PESCARA. «Alla fondazione Paolo VI, espressione dell’attività riabilitativa e assistenziale in Abruzzo, impegnata da sempre nella cura dell’autismo». È la motivazione all’origine del premio...
PESCARA. «Alla fondazione Paolo VI, espressione dell’attività riabilitativa e assistenziale in Abruzzo, impegnata da sempre nella cura dell’autismo». È la motivazione all’origine del premio consegnato sabato scorso alla fondazione Paolo VI per i 18 anni a servizio dei bambini autistici. Il riconoscimento è stato assegnato nel corso dell’evento «Insieme per Natale», tappa pescarese del Tour della salute, promosso dall’omonima associazione di Pescara presieduta dal professor Pier Enrico Gallenga e che ha interessato altre città al fine di promuovere l’educazione sanitaria, nonché un sano e corretto stile di vita.

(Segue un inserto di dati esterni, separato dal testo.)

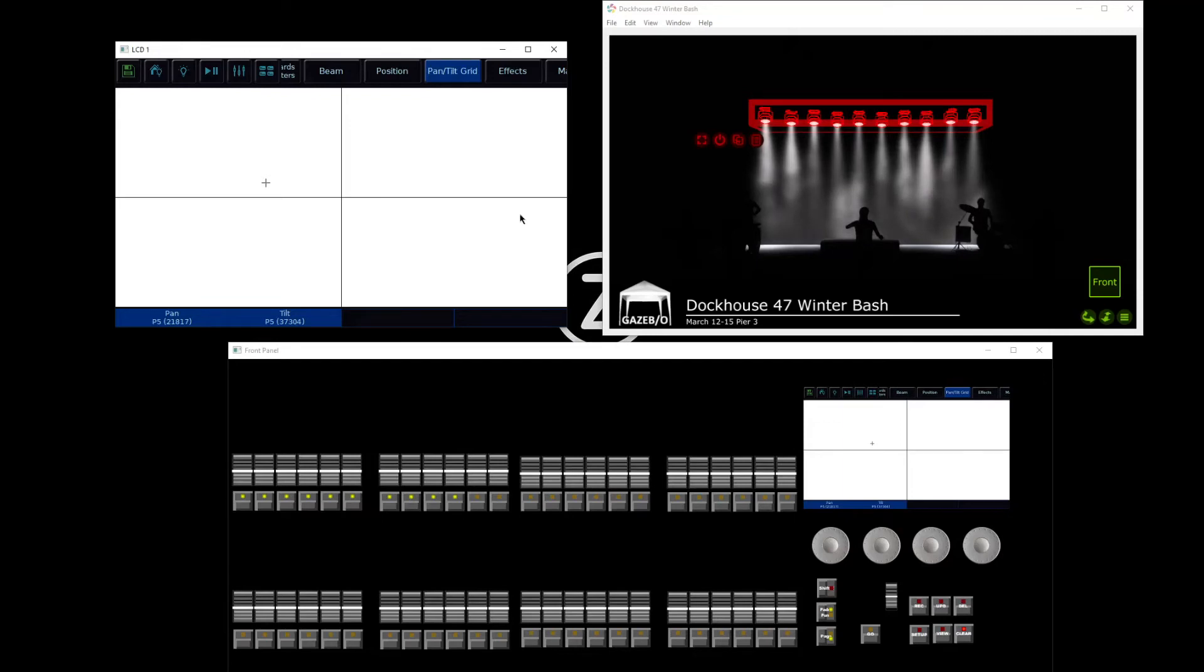As well as our movement controls, there are various other controls that we've got for our fixtures.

Nella cornice del porto turistico Marina di Pescara è stato l’arcivescovo Tommaso Valentinetti, presidente della fondazione Paolo VI, a ricevere la targa nell’ambito di una serata che si è incentrata proprio sul tema dell’autismo: il ricavato è stato devoluto all’associazione Angsa Abruzzo onlus, in prima linea accanto a persone con autismo. Spesso con la fondazione organizza iniziative e porta avanti progetti.

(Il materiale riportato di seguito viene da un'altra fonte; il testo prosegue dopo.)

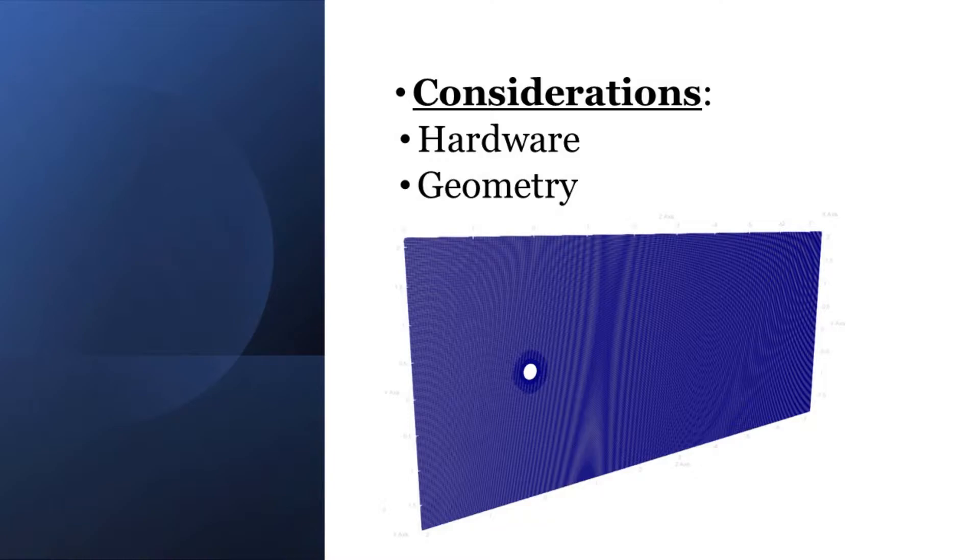The other thing to consider is your domain geometry. Let's say you have a mesh that is nearly two-dimensional, it makes sense to divide your mesh along the thicker directions.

«Questa targa», ha commentato Valentinetti, «è un riconoscimento graditissimo al lavoro che la fondazione Paolo VI porta avanti da anni sul delicato tema dell’autismo e che ci vede ormai un punto di riferimento imprescindibile a livello regionale, non a caso connesso con le migliori esperienze nazionali di ricerca su una problematica di cui tanto si sa, ma su cui ancora tanto bisogna lavorare. Il nostro auspicio è che in Abruzzo le strutture che si occupano del problema possano essere sempre più preparate e autorevoli, per rispondere in maniera efficace ed efficiente alle tante richieste. Solo riconoscendo la competenza e l’esperienza di quanti operano nel settore, infatti, si potrà dar vita ad un sistema a reale sostegno delle persone autistiche. Grazie di cuore all’associazione Il Tour della salute per la sensibilità dimostrata, all’autorevole comitato scientifico che la guida e a quanti continuano a dimostrare la stima nel nostro lavoro quotidiano fatto di passione, competenza e di amore per pazienti e famiglie».